======== Material provided ========

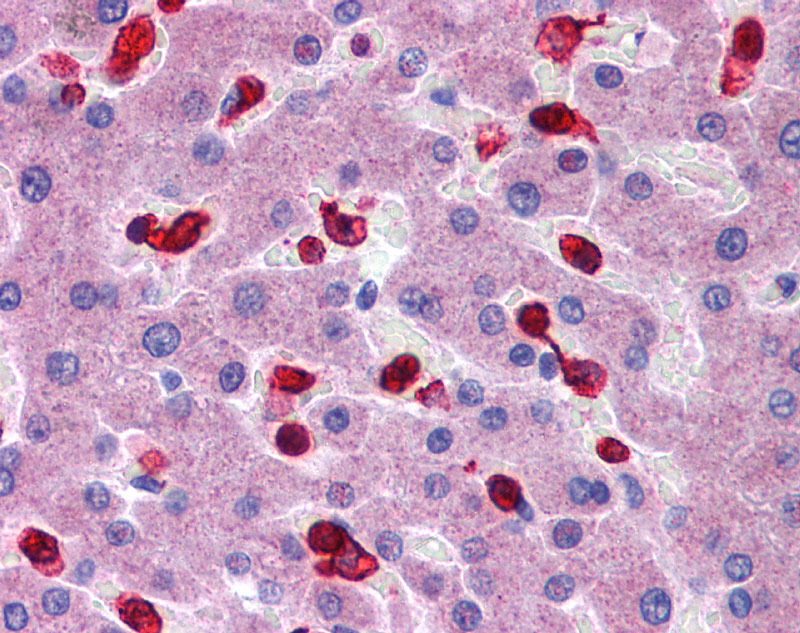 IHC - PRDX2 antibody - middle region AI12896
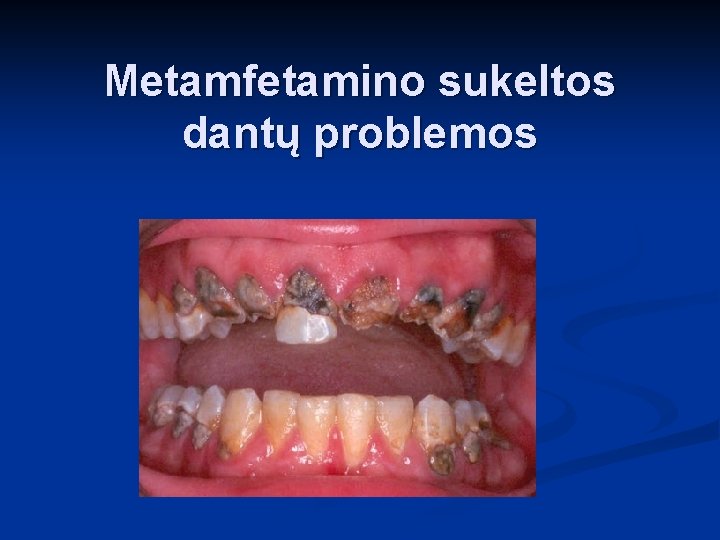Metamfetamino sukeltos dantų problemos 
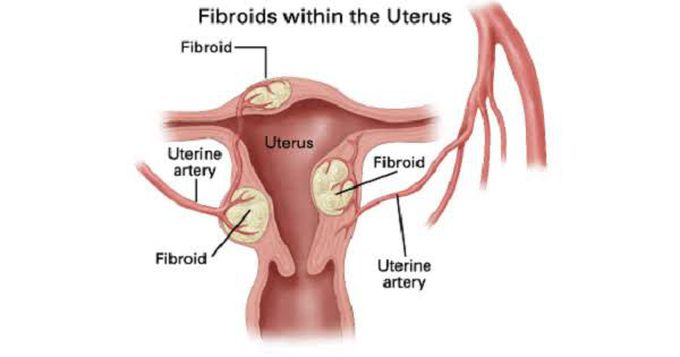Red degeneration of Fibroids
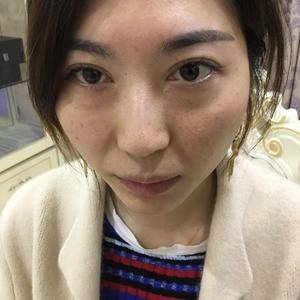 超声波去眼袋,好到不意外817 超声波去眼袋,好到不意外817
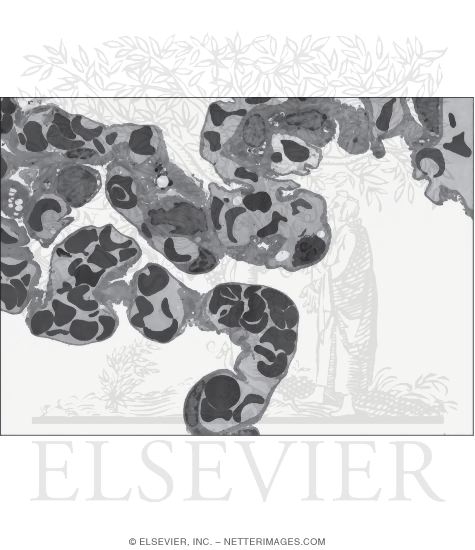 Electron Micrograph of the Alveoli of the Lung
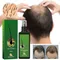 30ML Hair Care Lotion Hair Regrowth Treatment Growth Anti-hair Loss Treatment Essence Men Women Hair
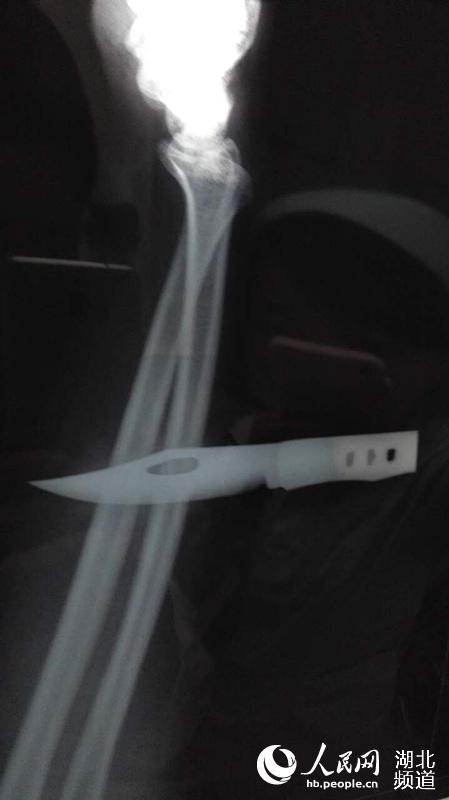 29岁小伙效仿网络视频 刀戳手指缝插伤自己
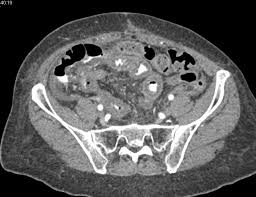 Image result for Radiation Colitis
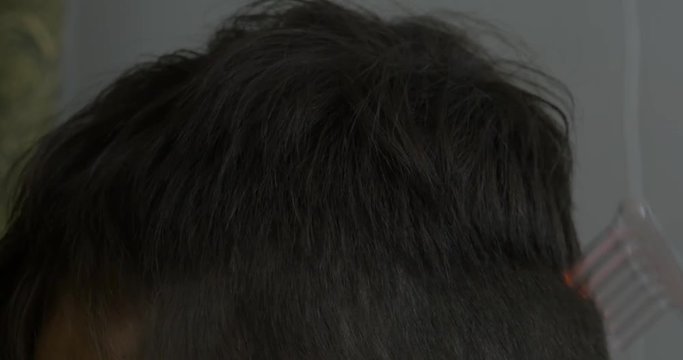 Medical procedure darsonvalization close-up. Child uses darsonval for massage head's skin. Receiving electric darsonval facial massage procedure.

========

- Task directions
All the records need to be printed again exactly as written, though without their pictures.

- Answer space
 IHC - PRDX2 antibody - middle region AI12896
Metamfetamino sukeltos dantų problemos 
Red degeneration of Fibroids
 超声波去眼袋,好到不意外817 超声波去眼袋,好到不意外817
 Electron Micrograph of the Alveoli of the Lung
 30ML Hair Care Lotion Hair Regrowth Treatment Growth Anti-hair Loss Treatment Essence Men Women Hair
 29岁小伙效仿网络视频 刀戳手指缝插伤自己
 Image result for Radiation Colitis
 Medical procedure darsonvalization close-up. Child uses darsonval for massage head's skin. Receiving electric darsonval facial massage procedure.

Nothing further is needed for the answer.